File::Find redux: how to limit hits?

by 914 (Pilgrim)
on Jun 04, 2002 at 00:32 UTC ( #171367=perlquestion: print w/replies, xml ) Need Help??
914 has asked for the wisdom of the Perl Monks concerning the following question:

In this earler SoPW node, i asked for and recieved some great advice about File::Find and how to limit it's results similarly to a find . -name foo.txt -maxdepth 3 -mindepth 3

This time around, i need some help figuring out how to make File::Find return (ie, stop searching/producing results) after an arbitrary number of hits.

Something like:

find({ wanted => sub { my ($dev,$ino,$mode,$nlink,$uid,$gid); my $depth = tr!/!!; # count slashes to get depth return if (($dev,$ino,$mode,$nlink,$uid,$gid) = lstat($_)) +&& (int(-M _) > $maxage) or (($depth < 3) or ($depth > 3)) ; if ($_ =~ /threads\.html\z/s) { push @files, $_; } }, no_chdir => 1 }, '.', $MAXHITS );
Where $MAXHITS is set to the maximum number of results i need. (other than that extra arg, this is the exact find(); call i'm using.
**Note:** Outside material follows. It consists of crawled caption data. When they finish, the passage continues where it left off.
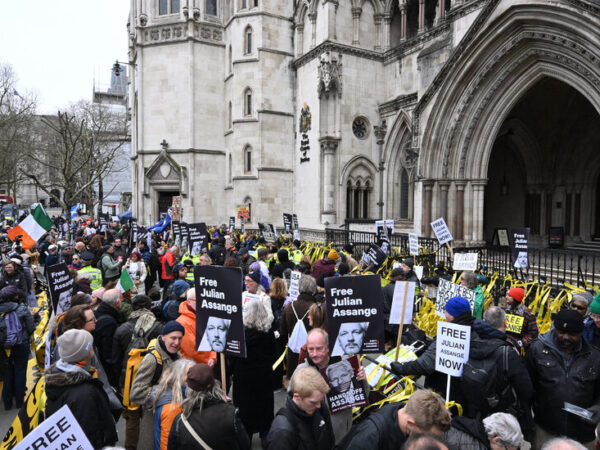 Assange Extradition Case Returns to UK Court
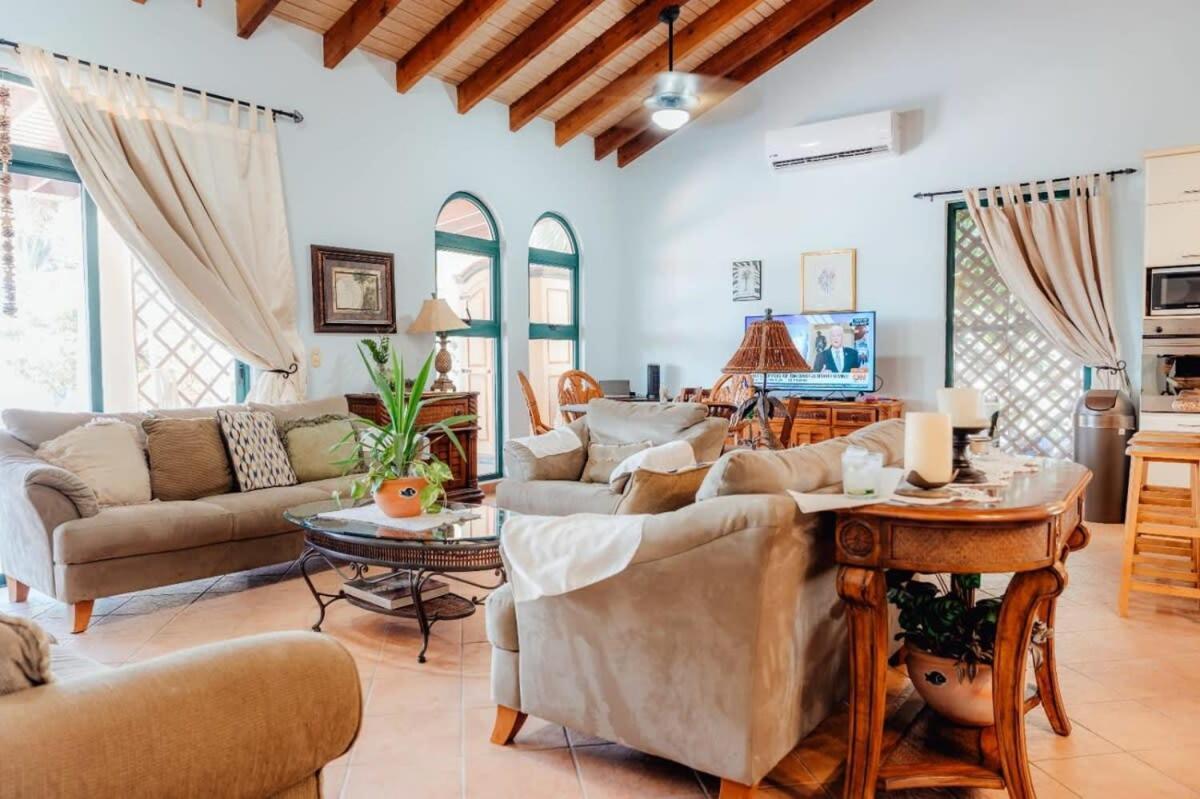 The Elegance Of Tierra Del Sol With Private Pool Villa Palm Beach Buitenkant foto
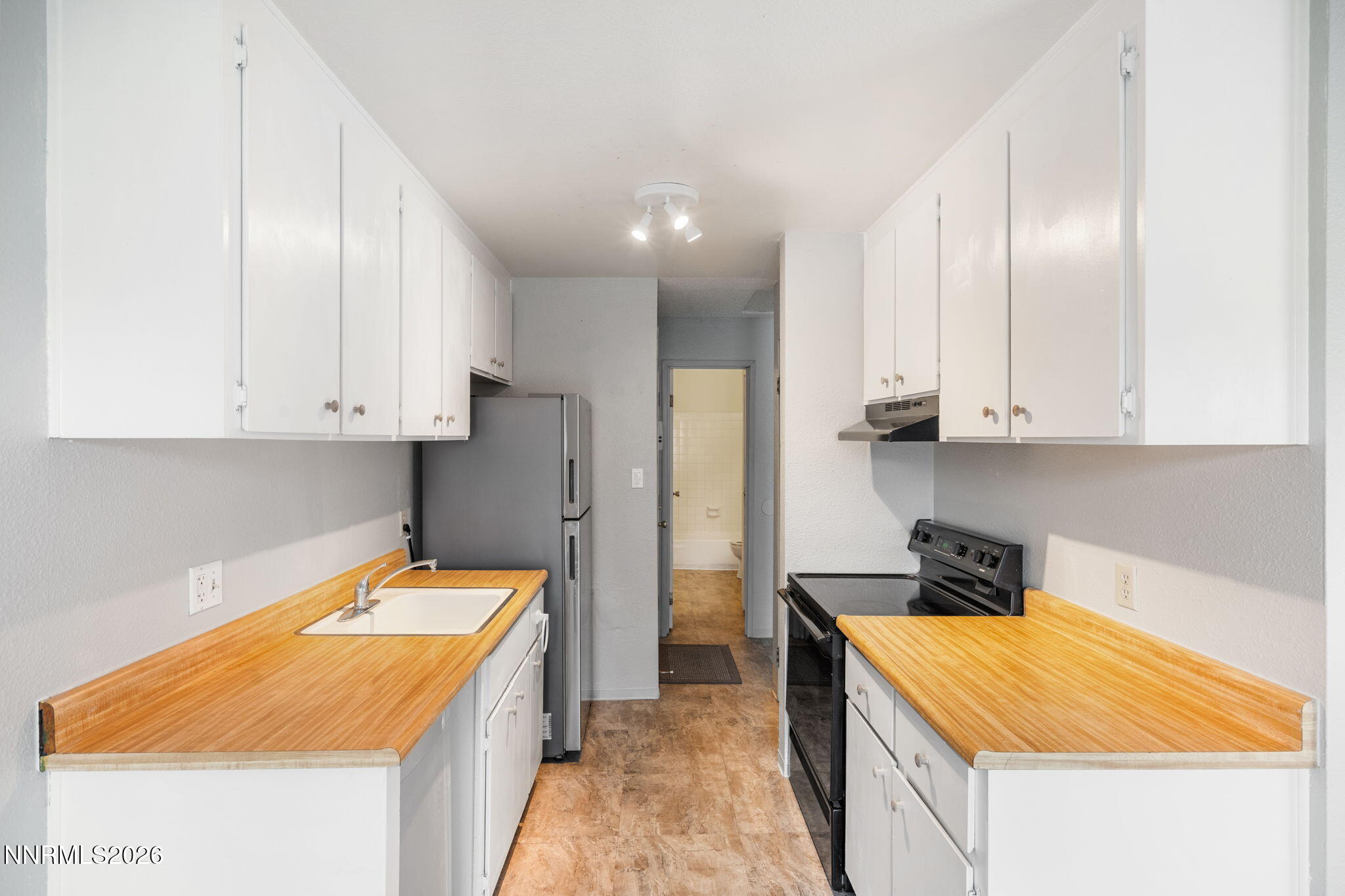 400 South Saliman Road, Unit 104 Carson City, NV 89701 - Photo 11 of 37 11-web-or-mls-DSC00103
The story is this... i'm using this function to find all the files necessary to recreate an index file at, and to actually create that file.
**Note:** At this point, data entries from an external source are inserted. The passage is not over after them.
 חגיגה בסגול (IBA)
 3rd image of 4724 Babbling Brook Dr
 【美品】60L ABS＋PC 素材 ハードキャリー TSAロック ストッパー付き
My current script (on my scratchpad) works for this quite well (i'll gladly provide a tarball of test filestructure to work with, just ask), without fail.
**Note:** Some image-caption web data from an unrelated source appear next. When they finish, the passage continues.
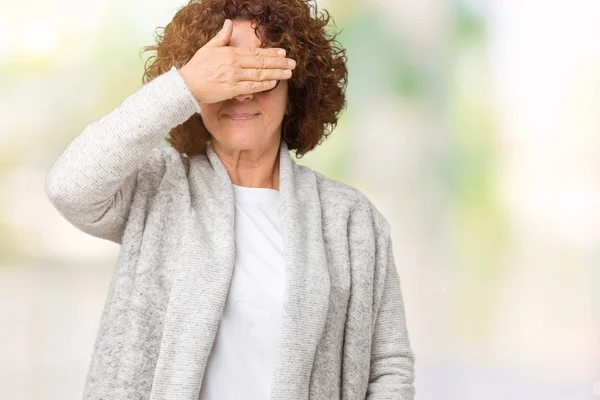 Bella Donna Anziana Mezza Età Che Indossa Giacca Occhiali Sfondo — Foto Stock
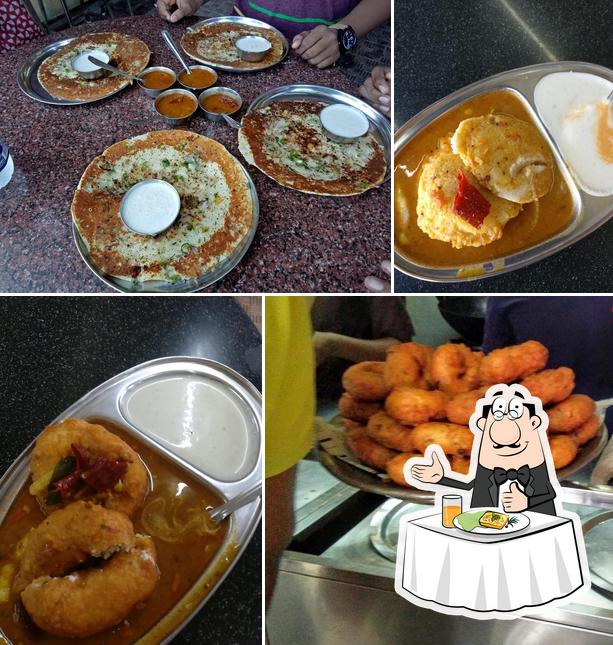 Food at Surya Dakshin Idli Center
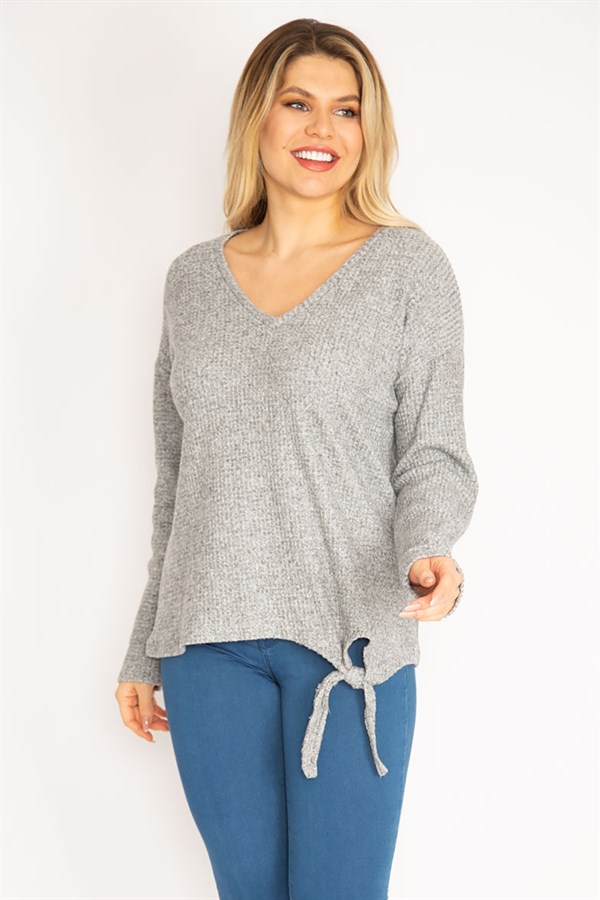 Kadın Gri V Yakalı Kabartma Desenli Ön Bağcıklı Bluz 65N35168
What i'm concerned about is that my test files/filestructure wasn't too big, but some of the 'live' directories that this may be working on could have literally thousands (tens, maybe 100) of files, in a very complicates directory tree. (i know, i know... but when we wrote the CGI that runs the BBS (in C, even.. heretics i know!) the filesystem-as-ersatz-database seemed OK) of files.

This introduces a huge time lag as the find function walks the tree. Since the files are invariably 'found' in the order of last-created (i'm not sure why, but it's so..) it's quite safe for me to say "stop finding once you've found n hits" since it's sure that those n files are the most recent n files, and are the ones i'm interested in.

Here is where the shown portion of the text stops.